Mahler Complete Works 150th Ann:
http://www.amazon.com/Mahler-Complete-Works-150th-Anniversary/dp/B003D0ZNWY/ref=pd_sim_m_6

A Mendelssohn Portrait:
http://www.amazon.com/A-Mendelssohn-Portrait-Various/dp/B005FFUXRU/ref=pd_sim_m_48


----------



## neoshredder

Inconsistent is a word I hear a lot with these sets. I would just stay with the highest rated individual recordings or smaller box sets.


----------



## realdealblues

Metalhed said:


> Hi all - new to the board here ...
> 
> I have just started purchasing some classical music recordings over the last few weeks and noticed a few sets on Amazon.com that I was interested in possibly purchasing. I have searched this board some and the internet for reviews on these sets but have not truly been able to make up my mind on these. I am curious from those who might own these sets - are the majority of performances in these boxes well recorded? solid performances? I have purchased a few recommended individual CD's for certain pieces so I understand many of these recordings in these sets could be high or low quality and may or may not contain solid representations of the pieces. Anyone have any thoughts on these sets listed below? I would be most appreciative of any suggestions you could provide. Thanks!!!!
> 
> Beethoven Complete Edition:
> http://www.amazon.com/Beethoven-Com...UTF8&qid=1387216090&sr=8-9&keywords=beethoven
> 
> Tchaikovsky Edition:
> http://www.amazon.com/Tchaikovsky-Edition-Gennady-Rozhdestvevnsky/dp/B005DL9O5S/ref=pd_bxgy_m_img_z
> 
> Mozart Complete Works:
> http://www.amazon.com/Mozart-Edition-Complete-Works-170/dp/B004AHM8CW/ref=pd_sim_m_2
> 
> Haydn Edition:
> http://www.amazon.com/Haydn-Edition-150-CD-Set/dp/B001FY7BFC/ref=pd_sim_m_3
> 
> Richard Strauss Edition:
> http://www.amazon.com/Richard-Strauss-Edition/dp/B006546EPA/ref=pd_sim_m_6
> 
> Mahler Complete Works 150th Ann:
> http://www.amazon.com/Mahler-Complete-Works-150th-Anniversary/dp/B003D0ZNWY/ref=pd_sim_m_6
> 
> A Mendelssohn Portrait:
> http://www.amazon.com/A-Mendelssohn-Portrait-Various/dp/B005FFUXRU/ref=pd_sim_m_48


The Brilliant Classics sets are a nice introduction. None of them are poor by any means. They are especially good to get some of the less performed or recorded works. You may consider better recordings of the more "popular works" but they're all a good jumping off point.
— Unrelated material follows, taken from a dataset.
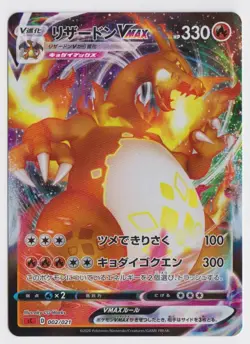 Pokemon Japanese SC Charizard VMAX Starter Set Deck 002/021 - Charizard VMAX - Image 1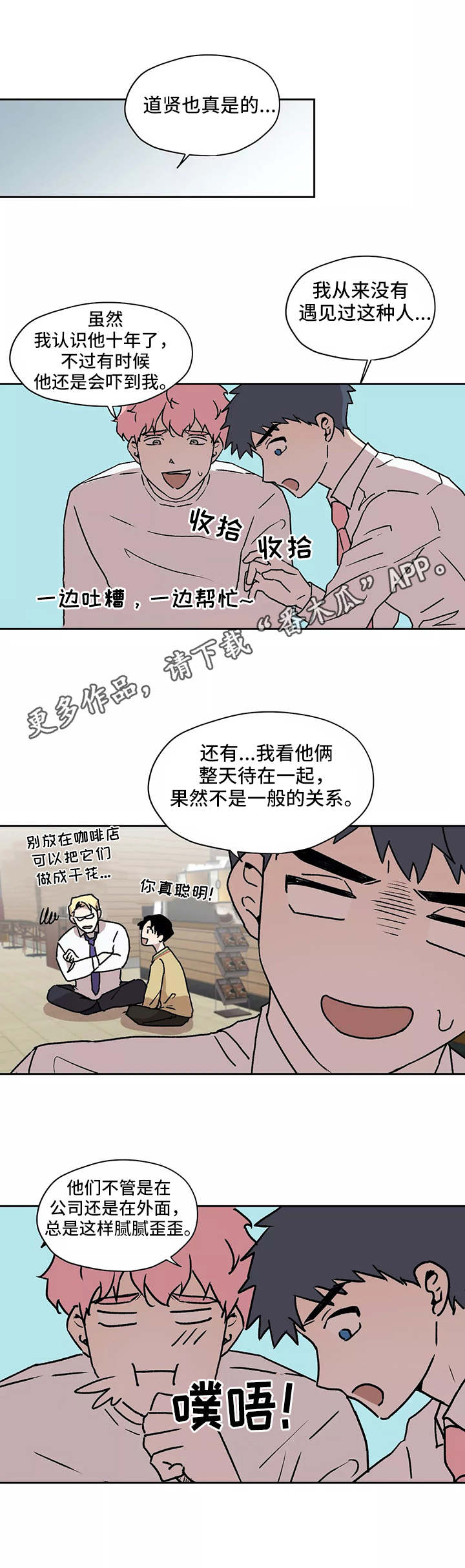 第20话3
In particular, the Richard Strauss Edition is excellent because you get Rudolf Kempe for most of it (whom is my preference for many of the Orchestral Works) and some very good recordings of the Operas. The Mahler set is also good with some well known classic recordings, ie. Klemperer's Symphony No. 2.

For the popular works like Beethoven Symphonies, Piano Sonatas, etc. you can do better. Same with the famous works from Tchaikovsky, Mozart, Haydn, etc. But if you want to have a majority of their works in one box for a decent price, the big boxes are hard to beat.


----------



## bigshot

The Strauss is a must have. The core of the Beethoven and Mozart boxes is very good. The Mendelssohn box includes a lot of Sawallisch, which is a bit bland. The String Symphonies in it are great though. Worth the price of the box just for that. Can't speak for the others, but I've had my eye on that Tchaikovsky.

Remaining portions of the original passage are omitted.